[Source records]
-- Opening Marker --

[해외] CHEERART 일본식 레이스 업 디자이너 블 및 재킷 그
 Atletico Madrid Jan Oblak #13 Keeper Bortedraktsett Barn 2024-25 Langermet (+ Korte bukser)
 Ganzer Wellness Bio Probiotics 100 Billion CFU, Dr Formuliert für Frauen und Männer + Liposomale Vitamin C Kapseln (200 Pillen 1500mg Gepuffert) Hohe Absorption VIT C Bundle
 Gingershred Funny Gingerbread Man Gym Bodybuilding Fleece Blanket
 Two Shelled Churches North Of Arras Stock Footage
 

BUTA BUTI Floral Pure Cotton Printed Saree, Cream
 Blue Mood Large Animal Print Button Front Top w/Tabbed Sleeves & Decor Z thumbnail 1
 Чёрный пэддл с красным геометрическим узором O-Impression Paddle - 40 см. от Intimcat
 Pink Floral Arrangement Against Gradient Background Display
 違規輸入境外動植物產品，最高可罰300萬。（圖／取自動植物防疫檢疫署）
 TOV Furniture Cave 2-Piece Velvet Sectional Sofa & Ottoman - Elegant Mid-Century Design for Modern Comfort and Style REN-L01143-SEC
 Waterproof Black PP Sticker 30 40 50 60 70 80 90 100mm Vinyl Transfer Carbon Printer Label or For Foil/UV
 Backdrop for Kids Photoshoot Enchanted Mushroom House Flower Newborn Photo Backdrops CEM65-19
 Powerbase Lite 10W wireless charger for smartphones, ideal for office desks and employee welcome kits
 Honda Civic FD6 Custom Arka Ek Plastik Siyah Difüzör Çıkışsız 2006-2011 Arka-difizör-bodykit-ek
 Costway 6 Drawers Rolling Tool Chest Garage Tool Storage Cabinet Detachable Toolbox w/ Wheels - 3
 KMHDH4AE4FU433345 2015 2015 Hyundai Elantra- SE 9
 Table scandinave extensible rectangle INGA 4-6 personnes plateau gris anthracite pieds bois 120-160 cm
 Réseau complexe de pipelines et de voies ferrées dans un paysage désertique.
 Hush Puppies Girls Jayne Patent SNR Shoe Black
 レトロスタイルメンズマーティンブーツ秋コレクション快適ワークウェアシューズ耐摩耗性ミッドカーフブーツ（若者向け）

-- Closing Marker --

## Try it
Only lines with the word "Black" count here; copy every one from the records.

## Result
 Waterproof Black PP Sticker 30 40 50 60 70 80 90 100mm Vinyl Transfer Carbon Printer Label or For Foil/UV
 Hush Puppies Girls Jayne Patent SNR Shoe Black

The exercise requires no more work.